“I am the true rebellion.”
Davey Havok and Jade Puget are no strangers to our playlists. Their renowned rock band, AFI, has been making waves from the moment of their inception in 1998. Now, Havok and Puget have embarked on an adventure of their own, and with a little help from Steve Aoki’s label Dim Mak, they’ve crafted a straight-edge hardcore group, appropriately titled XTRMST.
You’ll enter the battlefield that is the band’s first release with “Words For The Unwanted,” a fair warning to what lies ahead. Sounding like fifty songs in one, there isn’t a trace of cohesion in the entire length of the track. The vocals have a hint of terror, and the backing instruments are ferocious enough to be the cause.
Take a seat, and listen up, because “Merciless” is prepped and ready to take you hostage if you put up a fight. With quick vocals that are pure anger at the forefront, the song slips from hair band guitar to a progressive rock flair to backing vocals that throw it straight into post- hardcore territory. Of course, the madness in its quick changes ensures it doesn’t lose its straight edge markings.

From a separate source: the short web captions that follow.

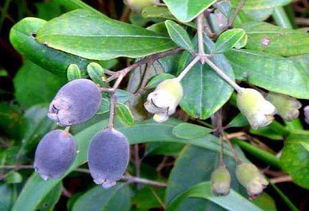 山棯子，山稔子酒的功效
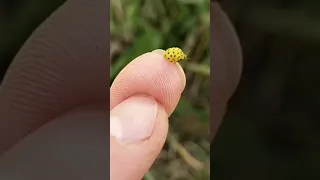 Спасение божьей коровки. Чуть не захлопнула дверцей багажника(.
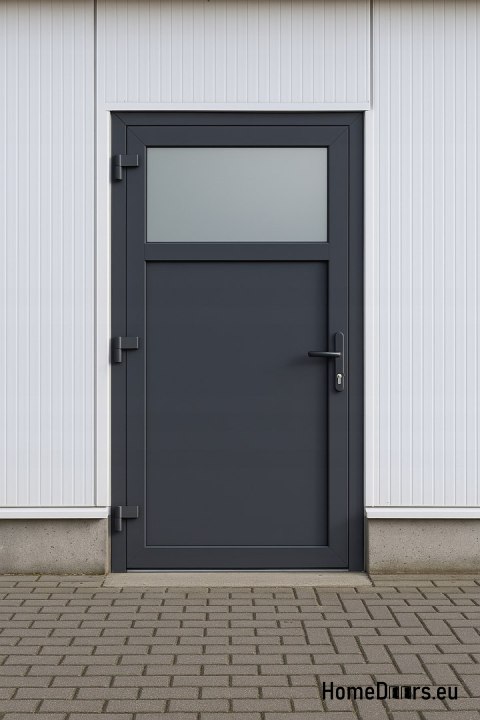 PORTE TECHNIQUE EXTERNE EN PVC 110X205 cm ANTHRACITE GAUCHE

From there, you’re introduced to the album’s most impressive track. “Sharper” channels grunge throughout its notes. Add in a wailing guitar straight out of the neon decade that transforms into an interesting arrangement almost resembling a warning siren, and you’re left to wonder if this could be classified as progressive grunge.
Some songs are instantly obvious as ones that will be great live, and “Humanity” is one of them. The vocal delivery takes things into punk rock territory, and the energy never fades throughout its notes. High tension and stress rise as the instruments form into one loud entity, and by the end of the song, you’ll find yourself more than a little exhausted.
Intentions were set for XTRMST’s self titled debut to be “chaos” by Havok himself. There’s no question that the goal that was accomplished 110%. There isn’t a single moment of the album that doesn’t push the envelope, reimagining what hardcore, straight edge and music as a whole can be. The amount of innovation displayed doesn’t come without a downside, leaving some moments of the album difficult to comprehend. Still, with this collection, XTRMST have set a sturdy foundation–one that has the potential to support a remarkable career.
Buy It, Skip It, Stream It: Stream it when you’re in the mood for havoc.